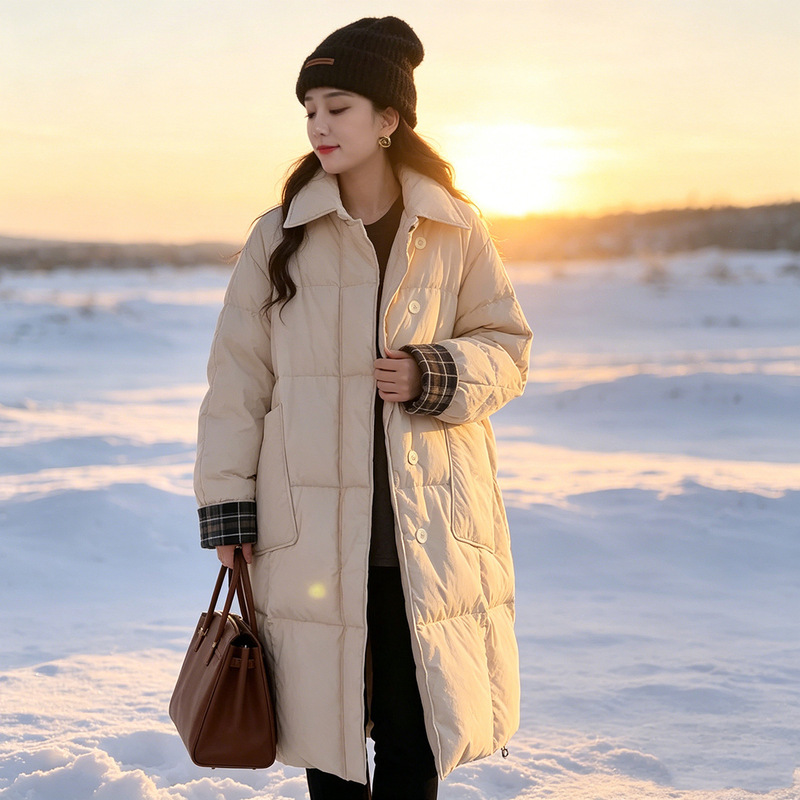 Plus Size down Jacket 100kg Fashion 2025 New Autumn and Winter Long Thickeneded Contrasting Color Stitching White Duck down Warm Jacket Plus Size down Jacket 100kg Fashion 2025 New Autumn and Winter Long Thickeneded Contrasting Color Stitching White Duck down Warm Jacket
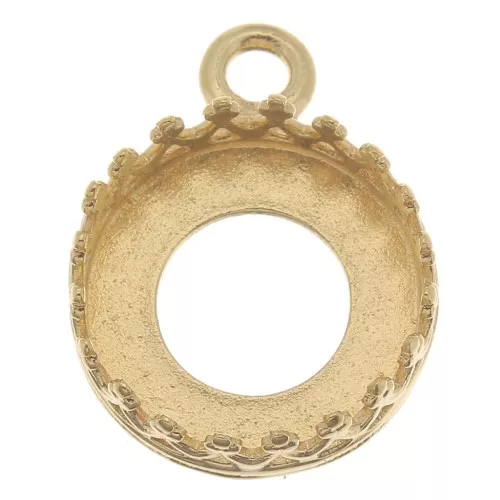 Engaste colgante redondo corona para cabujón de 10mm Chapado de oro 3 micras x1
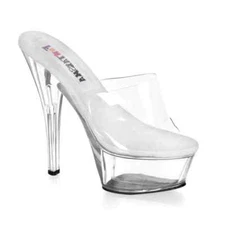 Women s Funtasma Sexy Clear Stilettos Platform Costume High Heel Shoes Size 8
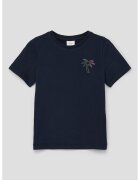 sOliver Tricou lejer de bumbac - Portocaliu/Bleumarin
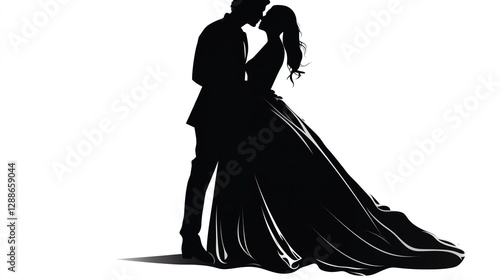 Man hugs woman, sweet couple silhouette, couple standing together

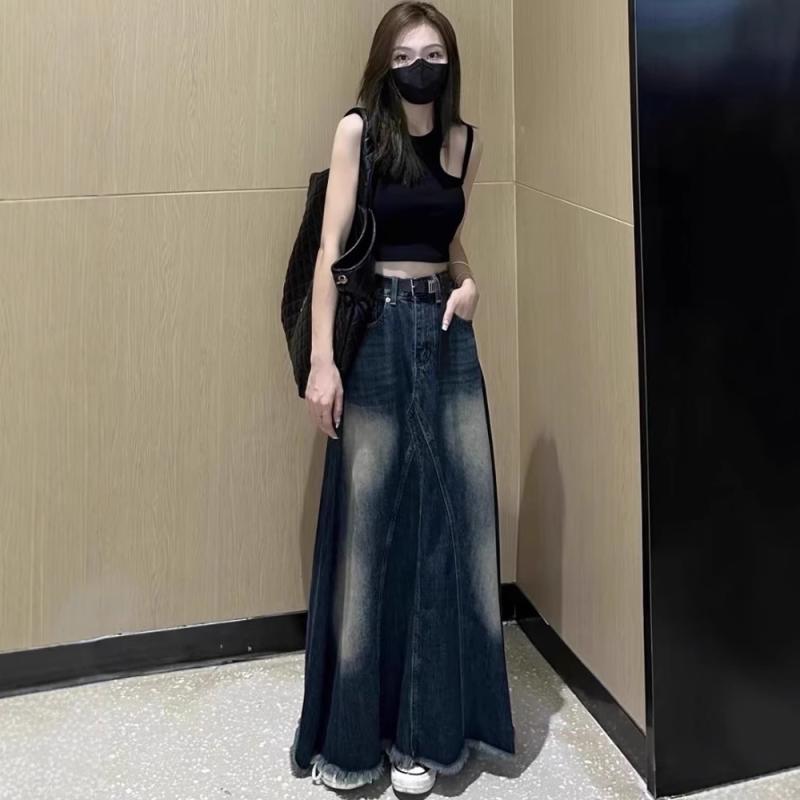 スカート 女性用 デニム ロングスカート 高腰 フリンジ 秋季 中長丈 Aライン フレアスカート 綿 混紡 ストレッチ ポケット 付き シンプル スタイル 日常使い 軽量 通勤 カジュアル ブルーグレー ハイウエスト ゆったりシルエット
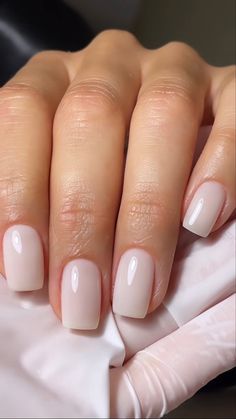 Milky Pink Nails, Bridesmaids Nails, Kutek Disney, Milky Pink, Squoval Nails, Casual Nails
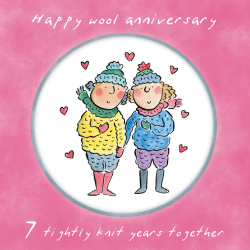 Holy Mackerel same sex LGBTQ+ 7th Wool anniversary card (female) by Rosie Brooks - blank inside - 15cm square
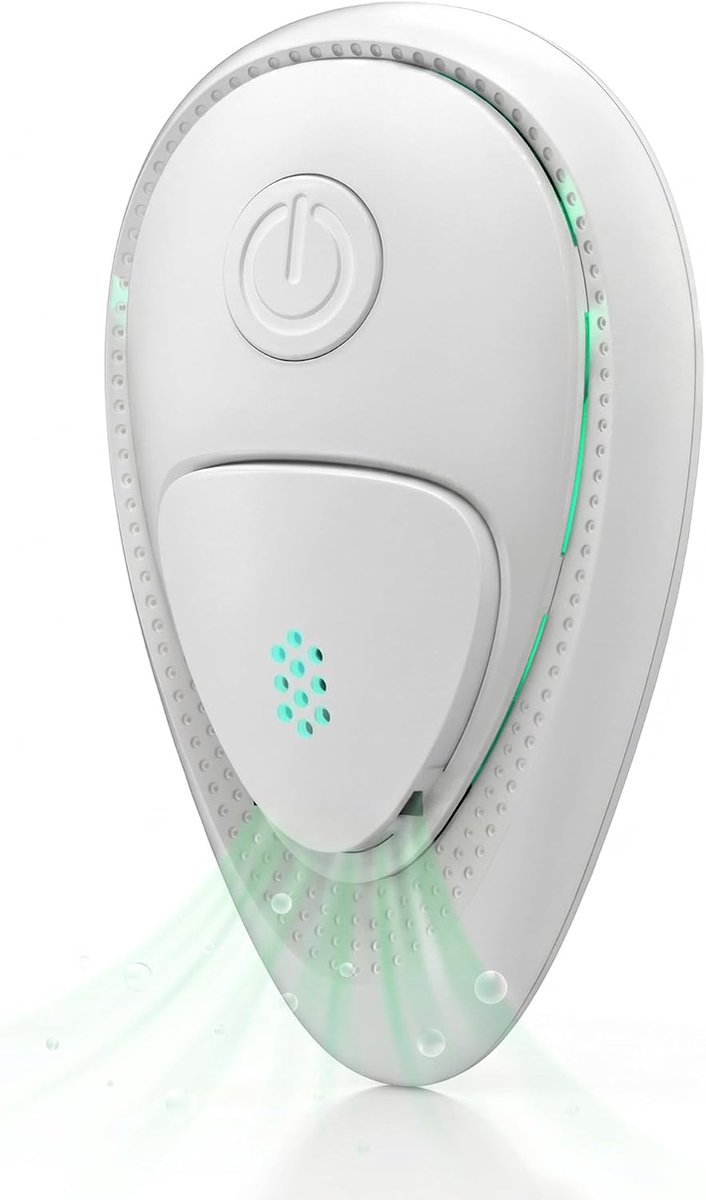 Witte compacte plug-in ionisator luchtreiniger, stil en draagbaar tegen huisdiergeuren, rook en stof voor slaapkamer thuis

- **WHAT IS NEEDED**
Repeat the records verbatim, excluding pictures.

- **RESPONSE FOR THIS EXERCISE**
 Plus Size down Jacket 100kg Fashion 2025 New Autumn and Winter Long Thickeneded Contrasting Color Stitching White Duck down Warm Jacket Plus Size down Jacket 100kg Fashion 2025 New Autumn and Winter Long Thickeneded Contrasting Color Stitching White Duck down Warm Jacket
 Engaste colgante redondo corona para cabujón de 10mm Chapado de oro 3 micras x1
 Women s Funtasma Sexy Clear Stilettos Platform Costume High Heel Shoes Size 8
 sOliver Tricou lejer de bumbac - Portocaliu/Bleumarin
 Man hugs woman, sweet couple silhouette, couple standing together

 スカート 女性用 デニム ロングスカート 高腰 フリンジ 秋季 中長丈 Aライン フレアスカート 綿 混紡 ストレッチ ポケット 付き シンプル スタイル 日常使い 軽量 通勤 カジュアル ブルーグレー ハイウエスト ゆったりシルエット
 Milky Pink Nails, Bridesmaids Nails, Kutek Disney, Milky Pink, Squoval Nails, Casual Nails
 Holy Mackerel same sex LGBTQ+ 7th Wool anniversary card (female) by Rosie Brooks - blank inside - 15cm square
 Witte compacte plug-in ionisator luchtreiniger, stil en draagbaar tegen huisdiergeuren, rook en stof voor slaapkamer thuis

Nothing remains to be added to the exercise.